What you need to do:
Starting at the line containing "Chapter 9: Fashion Branding Bingo Card" and ending at the line containing "大乐透开奖最低中奖规则及奖金金额详解", transcribe the listing below exactly. Keep both end lines, skip the pictures, and copy nothing else.

Records:
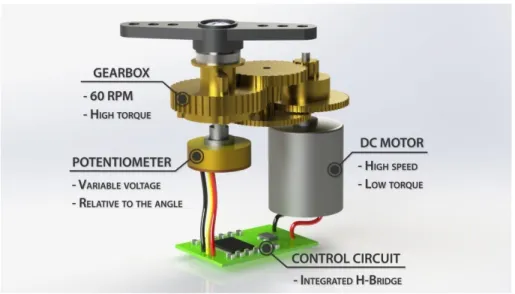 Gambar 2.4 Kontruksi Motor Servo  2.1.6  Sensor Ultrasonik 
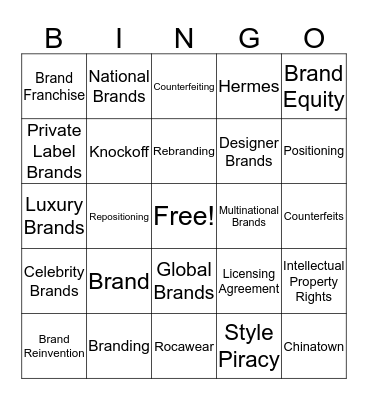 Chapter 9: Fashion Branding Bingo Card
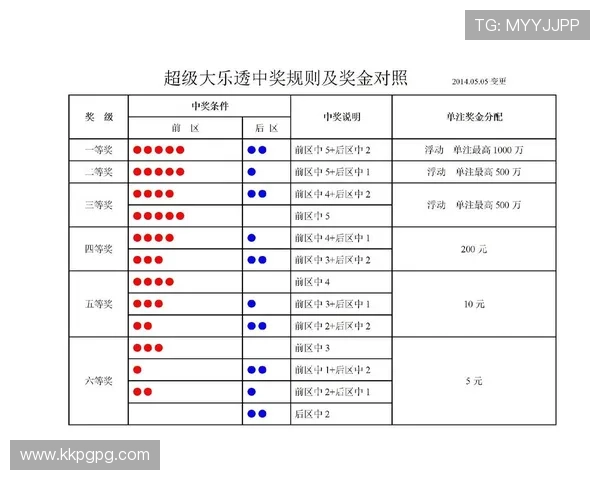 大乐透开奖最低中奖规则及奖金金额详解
---
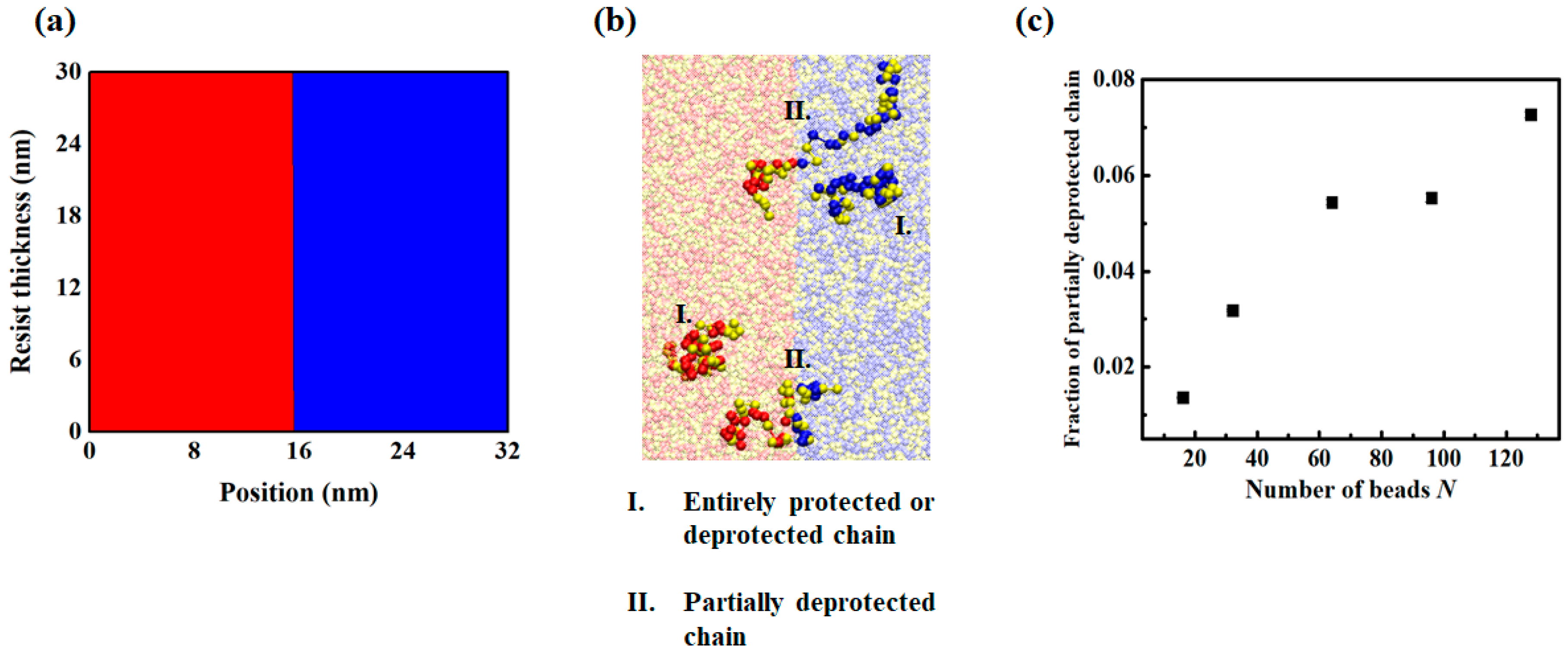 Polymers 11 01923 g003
--
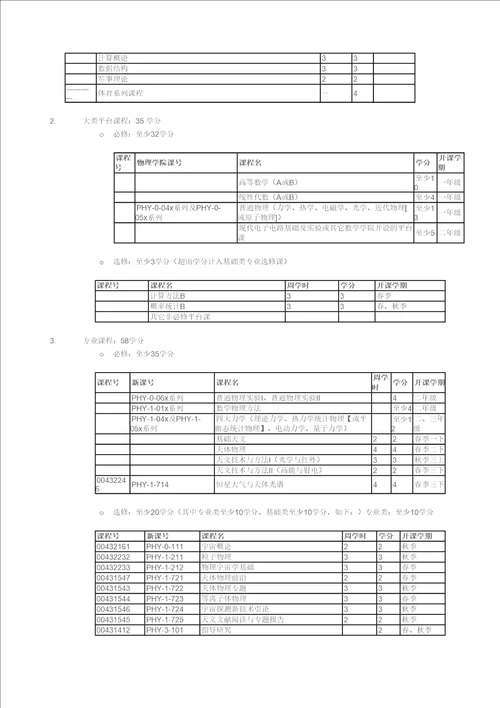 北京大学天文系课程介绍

Solved exercise:
 Chapter 9: Fashion Branding Bingo Card
 大乐透开奖最低中奖规则及奖金金额详解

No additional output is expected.